Tim Brown is the owner of Hook Agency, and strategic marketer focused primarily on driving traffic and leads for small businesses and construction companies.

If you Google “too many leads” you might find some people saying things like “killing sales,” “bad for business,” or that too many leads are “unhealthy.” We wholeheartedly disagree and truly believe that having too many leads, is an opportunity and a sign of successful marketing.

Marketing your business should be a long-term strategy, not a ‘one and done.’ Some people have a goal to get more leads, so they start a marketing campaign. When those leads start rolling in, that is not the time to stop marketing, it’s the time to piggyback off of the success the marketing is bringing you, and nurture those leads.

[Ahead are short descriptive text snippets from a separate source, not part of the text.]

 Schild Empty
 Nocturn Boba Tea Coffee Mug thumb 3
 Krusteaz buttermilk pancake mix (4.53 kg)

Why “Too Many Leads” Seems Scary

We definitely understand why companies think having too many leads feels like a bad thing, and want to back out of more marketing. For smaller businesses, and especially contractors, you see that calendar filling up and you probably feel pretty overwhelmed. You don’t feel like you can tend to those leads as much as you would like, and how do you fit them in when you’re booked out for six months?

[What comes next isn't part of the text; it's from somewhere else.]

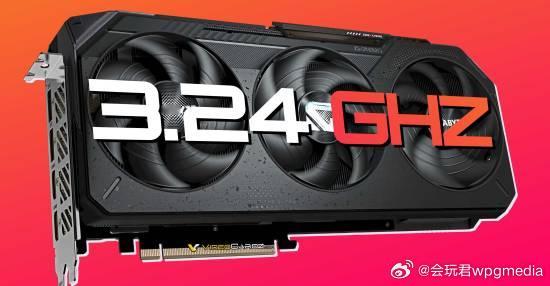 AMDRX9070XT显卡频率最高超过3.2GHz近期有消息透露，AMD计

This influx of leads is what any business owner wants, but it’s happening too quickly and you’re afraid you may have to turn people away. Or on the other side of the coin, you may be getting push back from leads if response times are down, or if they weren’t aware you were booking up. This is definitely scary, we get it! But, this is the perfect time to start catering to what your business truly wants to accomplish. More leads in the short term, means better business practices in the long term.

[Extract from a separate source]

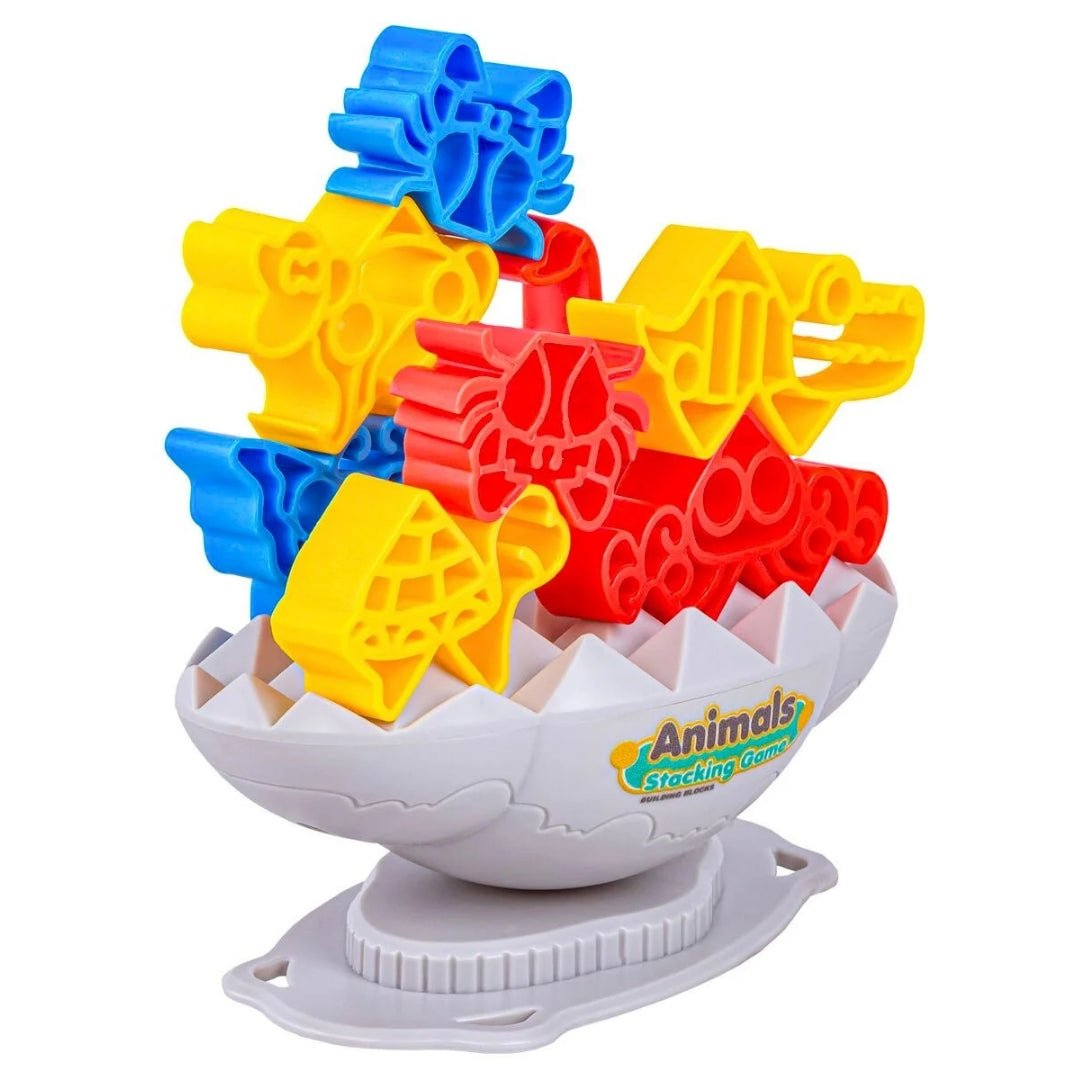 Animal Stacking Game – Colorful Family Tower of Fun! - Fun Learning Store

Why It’s Good For Business

More leads mean more options, and a better pool to choose from. This situation is your chance to be selective in who you work with, for and in what way. What leads are coming in that are a quick buck, and which are leads that will bring long term profitability, are scalable, and also a joy to work with?

Sure, you can have your salespeople agree to any of the projects coming in and business is good, you’re busy, you’re making some money – these are all good things. However, if you are taking on projects that aren’t profitable or scalable for your team, that is going to make it difficult to grow your business when you’re just sustaining your business.

This period of time, when your marketing is working and you’re getting more leads than you know what to do with is the time when you have the freedom to make good business decisions, pave your own path, and continue to raise the bar. All motives that led to starting a business in the first place. Some things that can help alleviate the overwhelming amount of leads is templatizing and systemizing your process. This means putting up a filter for each lead that comes in. Imagine the vision and mission that has been set out for the business, and in the eyes of your prospects, how is your sales process matching what that vision and mission are?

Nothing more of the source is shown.